The DataWorks Summit in San Jose was held on June 13-15, and this blog post summarises interesting talks at the event.

Keynote section

Sumeet Singh (Yahoo)

Sumeet talked about Yahoo’s migration from MapReduce jobs to those running on Tez on the 39K+ nodes that they use for Hadoop processing with over 1M jobs per day. In the last year, MapReduce jobs have dropped from about 70% of the workload to around 10%, with Tez moving in the opposite direction (Spark job level remaining consistent). This has also allowed improved utilisation of the compute and storage infrastructure.

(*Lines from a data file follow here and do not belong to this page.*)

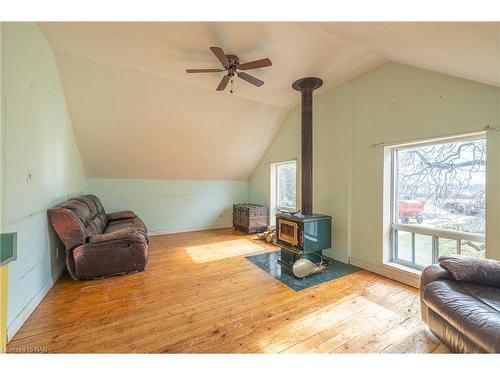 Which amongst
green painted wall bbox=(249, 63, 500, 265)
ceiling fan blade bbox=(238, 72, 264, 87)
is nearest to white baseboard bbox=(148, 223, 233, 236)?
green painted wall bbox=(249, 63, 500, 265)

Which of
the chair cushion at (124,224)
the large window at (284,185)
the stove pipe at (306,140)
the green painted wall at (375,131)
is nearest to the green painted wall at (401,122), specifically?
the green painted wall at (375,131)

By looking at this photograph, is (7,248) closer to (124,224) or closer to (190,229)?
(124,224)

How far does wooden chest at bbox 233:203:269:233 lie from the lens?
186 inches

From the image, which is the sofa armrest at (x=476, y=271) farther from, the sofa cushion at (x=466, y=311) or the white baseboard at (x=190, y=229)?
the white baseboard at (x=190, y=229)

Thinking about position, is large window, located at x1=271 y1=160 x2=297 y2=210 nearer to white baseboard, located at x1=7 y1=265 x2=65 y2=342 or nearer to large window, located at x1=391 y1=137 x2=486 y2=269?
large window, located at x1=391 y1=137 x2=486 y2=269

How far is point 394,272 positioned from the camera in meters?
2.47

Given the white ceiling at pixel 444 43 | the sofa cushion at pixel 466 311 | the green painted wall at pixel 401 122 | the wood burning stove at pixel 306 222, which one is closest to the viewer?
the sofa cushion at pixel 466 311

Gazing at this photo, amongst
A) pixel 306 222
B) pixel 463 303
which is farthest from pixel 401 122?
pixel 463 303

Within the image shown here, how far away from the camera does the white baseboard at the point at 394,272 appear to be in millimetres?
2297

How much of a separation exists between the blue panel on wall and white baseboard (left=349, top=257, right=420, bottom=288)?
3452 mm

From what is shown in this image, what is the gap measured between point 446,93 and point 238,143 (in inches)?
133

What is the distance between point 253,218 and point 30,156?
373 cm

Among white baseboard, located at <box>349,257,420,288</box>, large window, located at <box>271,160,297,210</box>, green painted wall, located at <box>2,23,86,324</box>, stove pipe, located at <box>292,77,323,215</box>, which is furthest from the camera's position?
large window, located at <box>271,160,297,210</box> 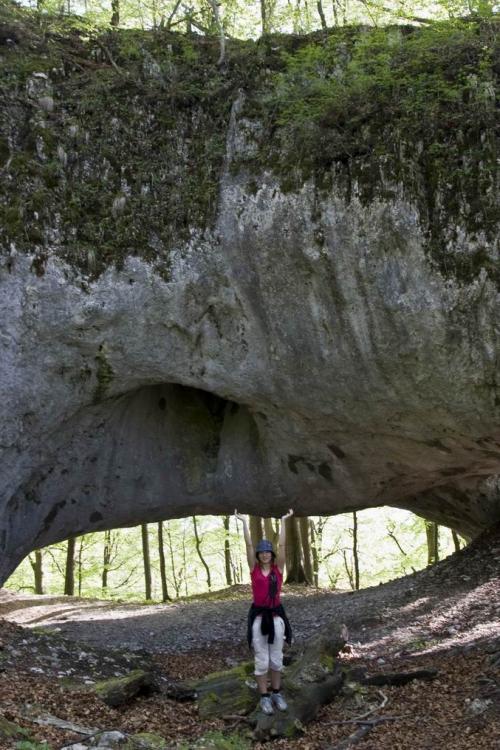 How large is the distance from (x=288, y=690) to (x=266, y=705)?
1.27 ft

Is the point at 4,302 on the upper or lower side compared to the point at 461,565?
upper

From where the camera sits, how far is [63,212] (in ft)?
32.6

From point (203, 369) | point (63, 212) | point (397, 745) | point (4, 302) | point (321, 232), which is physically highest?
point (63, 212)

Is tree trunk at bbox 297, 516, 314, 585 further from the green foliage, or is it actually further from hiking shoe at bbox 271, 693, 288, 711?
hiking shoe at bbox 271, 693, 288, 711

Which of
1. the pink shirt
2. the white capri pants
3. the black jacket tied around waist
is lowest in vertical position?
the white capri pants

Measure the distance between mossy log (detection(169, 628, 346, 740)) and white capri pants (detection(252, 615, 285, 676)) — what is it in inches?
15.6

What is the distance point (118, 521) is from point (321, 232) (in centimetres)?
629

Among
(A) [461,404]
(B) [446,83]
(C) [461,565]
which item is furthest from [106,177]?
(C) [461,565]

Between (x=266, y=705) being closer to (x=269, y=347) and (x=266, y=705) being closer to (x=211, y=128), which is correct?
(x=269, y=347)

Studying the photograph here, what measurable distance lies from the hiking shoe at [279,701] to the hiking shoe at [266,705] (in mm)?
62

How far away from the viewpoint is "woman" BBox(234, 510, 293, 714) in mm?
6578

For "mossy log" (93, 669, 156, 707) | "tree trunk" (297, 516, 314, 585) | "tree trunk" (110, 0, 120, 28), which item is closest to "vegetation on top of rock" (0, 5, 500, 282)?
"tree trunk" (110, 0, 120, 28)

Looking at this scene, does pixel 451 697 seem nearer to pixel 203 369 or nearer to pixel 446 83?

In addition, updating the version of Hive in use has led to a significant lowering of latency for analytics jobs. The following slide shows how the most common query runtime is now in the 5-30 second range (for about 1.2 million queries per month, out of a total of 2 million per month), although you can see how this increases with the number of records involved – on the right-hand side of the chart are the jobs which take over 5 minutes as the average number of records involved rises to around 15 billion.

Girish Mundada (HPE)

Girish had previously been a Postgres developer, and highlighted a number of lessons learned from this career:

  • databases never finish (in terms of development, not individual query runtime)
  • there a multiple ways to solve the same problem
  • use the right set of tools for the job (which seems relevant given the number of SQL on Hadoop alternatives that exist, and the possibility of deploying multiple of these solutions on your Hadoop cluster)

The real crux of his talk was explaining the complexity of Hadoop for many companies, and hence the benefit of using HPE or some other vendor (or indeed cloud infrastructure company) to simplify the process for these companies.

Hadoop Query Performance Smackdown (Michael Fagan, Comcast)

Michael and his co-speaker talked about their benchmarking of SQL on Hadoop solutions, using 66 of the TPC-DS queries and a variety of file formats.

The platform used was 11 worker nodes with 128GB RAM and 32 cores each, plus 5 master nodes with 90GB  RAM and 32 cores each. The system had HDP 2.6 installed.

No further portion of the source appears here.